Other passages revealed the remaining linkages and solved the plugboard in which the Germans placed so much faith.

By grinding through these burdensome procedures each day, the young Poles began reading the German messages and delivering to their superiors glimpses into the Reich military's plans. The process, however, used up most of the day. While that was a far cry from the endless millennia the Germans assured themselves it would take cryptanalysts to break into the Enigma, Rejewski and his mates recognized that their methods of decipherment were too slow to be of practical value. They had to improve the efficiency of the process and greatly increase its speed.

 

 

Machines to Defeat the Machine

 

Time was not the only problem they faced. Although the Germans were confident that their modified Enigmas were impervious to cryptanalysis, they also knew that prudent security precautions called for making changes in their systems periodically. The Poles could not rest on their laurels; they had to deal with a series of changes, each of which could make obsolete the process with which they had been succeeding.

The pressures on the young cryptanalysts were enormously increased by the ascendance of Adolf Hitler and his National Socialist Party. With their military strength on the rise, the Nazis raised an ever-mounting cry to regain their lost lands, particularly the corridor that gave Poland access to the seaport of Danzig, since it separated East Prussia from the rest of Germany.

Rejewski came up with a daring vision: to beat the machine, he and his team would create other machines that would help to find the Enigma keys far more swiftly than they could by their pencil-and-paper methods.

He turned first to that problem of developing a card index of all the 105,456 variations in the letter chains and their linkages. He conceived a device called the Cyclometer, which was designed to automate the process of identifying the characteristic cycles so that the results could be cataloged. It consisted of the interlinked elements of two Enigmas, with twenty-six glow lamps to cover the alphabet. Its function was to determine the length and number of chains in each set of characteristics for all six arrangements of the three rotors. The number of glow lamps that lit up indicated the length of a chain. When, after a year's work, the index was completed, the analysts had only to compare that day's notations on the number and lengths of the chains with the index to pin down the rotor order and settings. Developed in 1934 or '35, the Cyclometer together with the index sped the Poles' cryptanalysis efforts until November 1937.

All this work was then undone when the Germans changed the reversing reflector in the Enigma in a way that voided the Poles' catalog. Rejewski and his team started over, but it took them months to complete a new index and again succeed in decoding German communications.

In mid-September 1938 the Enigma output once more became an incomprehensible jumble. This time the Germans had made their first major change in procedures. Instead of all the operators setting their basic daily key uniformly, the code clerks were now told to choose a new basic setting for each message they transmitted. Their own three-letter choice would be sent unenciphered at the head of the message and was to be followed by a double encipherment of the message key. Since the Poles could no longer stack indicators to form letter chains, all that painstaking work in compiling cycle indexes went out the window.

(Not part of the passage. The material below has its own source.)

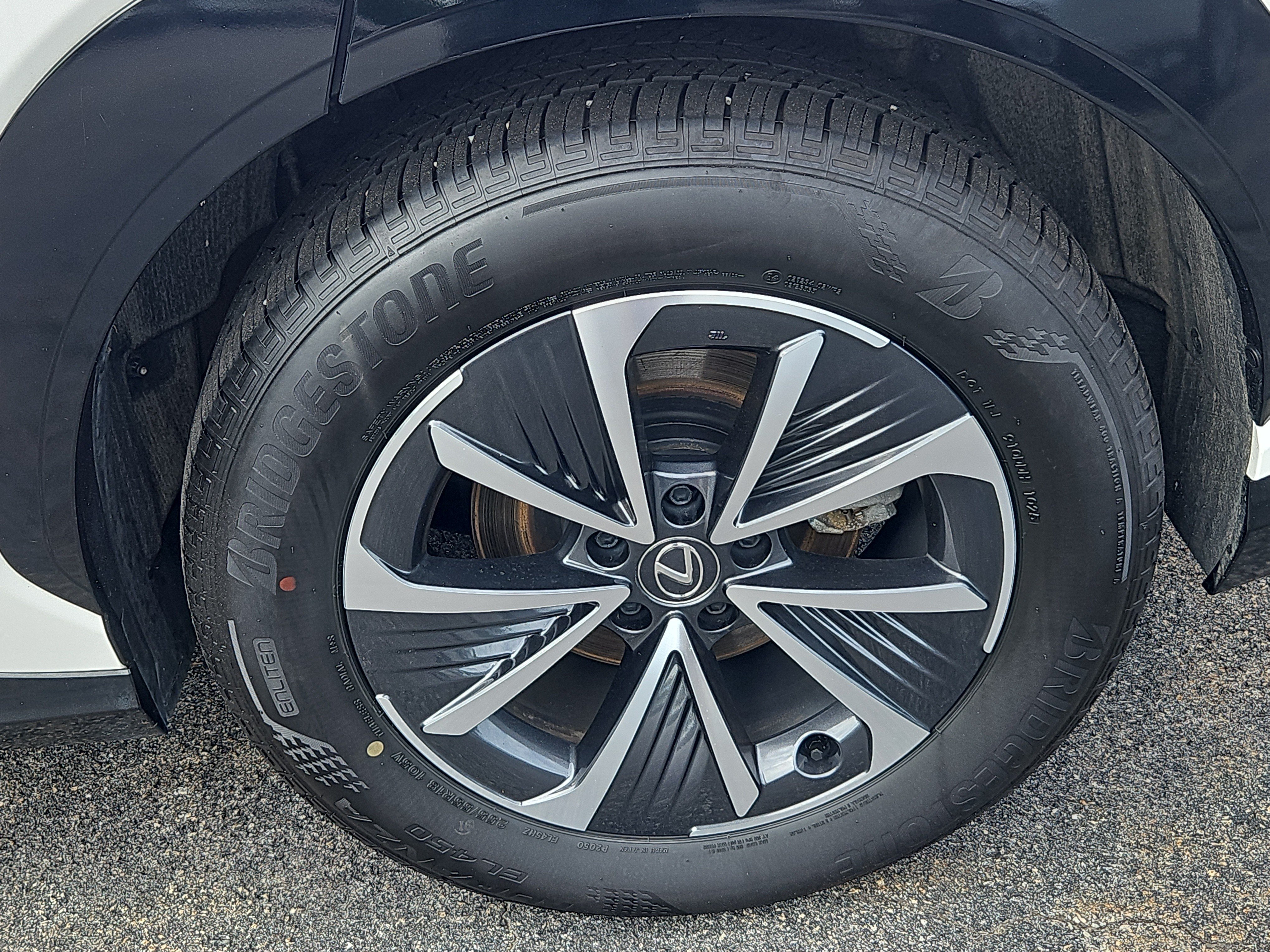 Used 2025 Lexus RZ 450e w/ Technology Package AWD/4WD image 29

The fact that the new procedure called for the German code clerks to continue enciphering their message keys twice was fortunate. The same relative positions of plaintext letters and. cipher letters were there, providing the opportunity to link the first enciphered letter and the fourth, the second and the fifth, and the third and the sixth. Rejewski's response was to invent a new and more complex Cyclometer the Poles named after the ice cream confection they were eating at the moment Rejewski came up with the idea. The desserts, in Polish, were called "bomby," but subsequently the machines became known as "bombes." When the machines were built and began ticking away like a time bomb working its way toward an explosion, the name seemed appropriate.

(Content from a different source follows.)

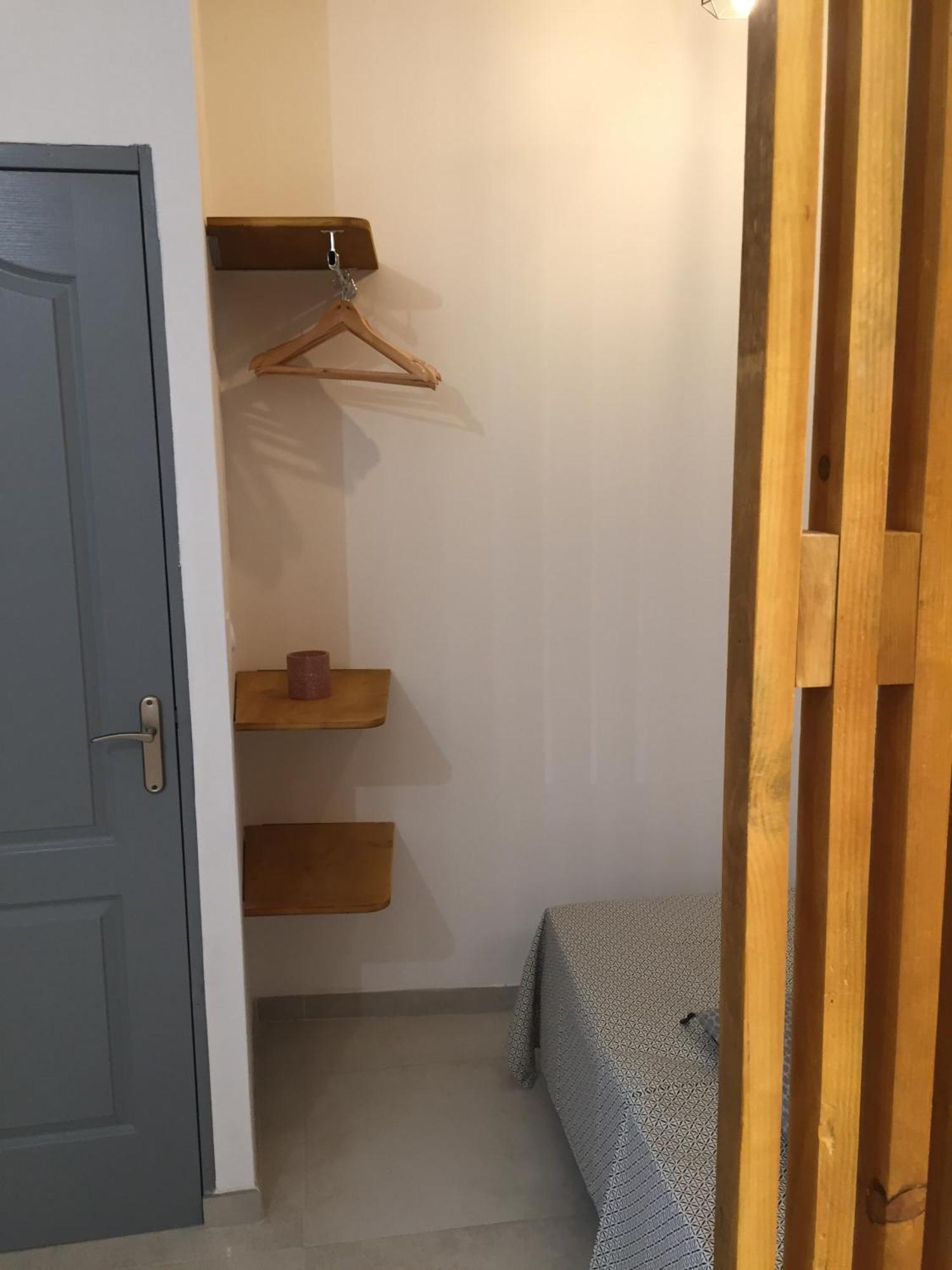 Studio Climatise, La Cloison Arles Exteriér fotografie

Each bombe, consisting of six Enigma machines connected together, was capable of swiftly running through the entire cycle of possible permutations, looking for those relatively rare places where, in an indicator, the plaintext letter would have the identical cipher letter, as in
W
GY
W
MC.
Out of the thousands of combinations, however, the bombe would locate the identical letters in all three 1-4, 2-5, and 3-6 positions. When it found this lineup, it would stop, giving the analysts the information they needed to reconstruct the daily keys.

Yet the determination of the settings did not disclose the order in which the three rotors had been inserted in their Enigma slots—an order which was now also changed daily. Rejewski proposed six bombes to try all six possible rotor sequences in one parallel process.

The machines were built. They worked well when the trios that included the identical letter were free of substitutions introduced by the plugboard. To produce results irrespective of the plugboard connections, Zygalski devised what became known as Zygalski Sheets, sheets of cardboard about two feet square. Each sheet was divided into a grid of small squares representing horizontal and vertical alphabets. For each of the six rotor orders, a set of 26 sheets was prepared, 156 in all. The complex procedure involved cutting holes in the grids where a repeat of plaintext letter and cipher letter from that day's indicators was possible. Zygalski and his coworkers used razor blades to cut out thousands of holes. By stacking the sheets over a light source and shifting them systematically, they found places where the light shone through, indicating a rotor order, and a few trial runs on a replica Enigma could determine whether or not this order was the right one. If it was not, gibberish appeared. If it was, the men read the German message. Together with the bombes, the Zygalski Sheets put the Poles back in the business of speedily deciphering the German traffic, which was now so voluminous that a new rank of Enigma-using technicians had to be added to the Cipher Bureau.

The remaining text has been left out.